To navigate these pitfalls and leverage the full power of dermoscopy lentigo maligna analysis, adhere to these practical tips:

1. Context is King: Always correlate dermoscopy with clinical context. LM typically occurs on the head and neck of older, sun-damaged individuals. A lesion with equivocal dermoscopic features in this location warrants more suspicion than one on the trunk.
2. Search for Gray: Make a conscious, systematic search for any shade of gray (dots, circles, structureless areas). This remains the most valuable color clue.
3. Follicular Centricity: Focus examination on the follicular units. Look for asymmetry, darkness, and irregularity in the perifollicular pigmentation.
4. Complete Perimeter Scan: Use the dermoscope to slowly trace the entire lesion border and just beyond it. Early spread of LM ("field effect") may manifest as isolated gray dots or APFOs outside the clinically visible margin.
5. Sequential Monitoring with Digital Dermoscopy: For highly suspicious but not diagnostic lesions, short-term sequential digital dermoscopy (3-month intervals) is invaluable. Any change in the patterns described in this atlas, especially the emergence or increase of gray structures, is a red flag.
6. When in Doubt, Biopsy: Dermoscopy improves accuracy but does not replace histopathology. A broad, shallow saucerization biopsy is often recommended for large facial lesions to sample the most suspicious dermoscopic area and obtain adequate tissue for the pathologist.

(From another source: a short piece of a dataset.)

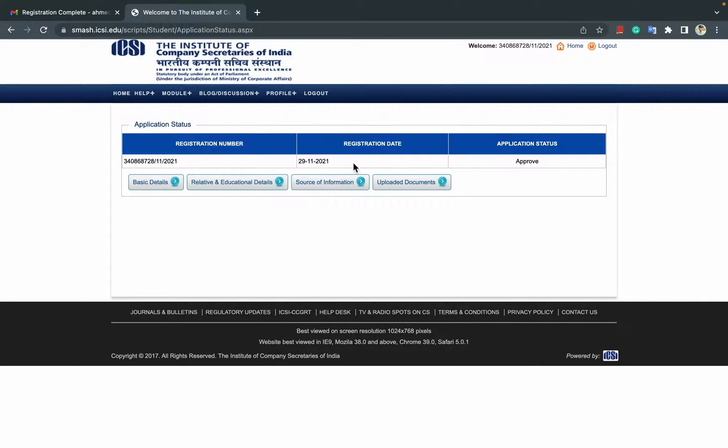It's approved. Registration date 29-11-2021. So this is how you'll check.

V. Enhancing Diagnostic Accuracy with Visual Examples

The journey through this visual atlas culminates in a reinforced understanding that proficiency in lentigo maligna dermoscopy is an acquired skill, honed by deliberate study of high-quality, annotated images. The patterns—from the subtle asymmetric follicular openings of early disease to the ominous blue-white veil of invasion—form a visual language. This atlas provides the vocabulary and grammar of that language. By internalizing these visual examples, clinicians move from a state of uncertainty to one of pattern recognition. This translates directly to clinical practice: increased confidence in diagnosing early LM, leading to timely and potentially curative intervention; improved accuracy in distinguishing LM from its many benign mimics, reducing patient anxiety and unnecessary procedures; and a structured approach to evaluating complex, advanced lesions. Ultimately, the consistent application of this knowledge, guided by the principle of correlating dermoscopic patterns with clinical context, is the most powerful tool for enhancing diagnostic accuracy and optimizing patient care in the management of this challenging melanoma variant.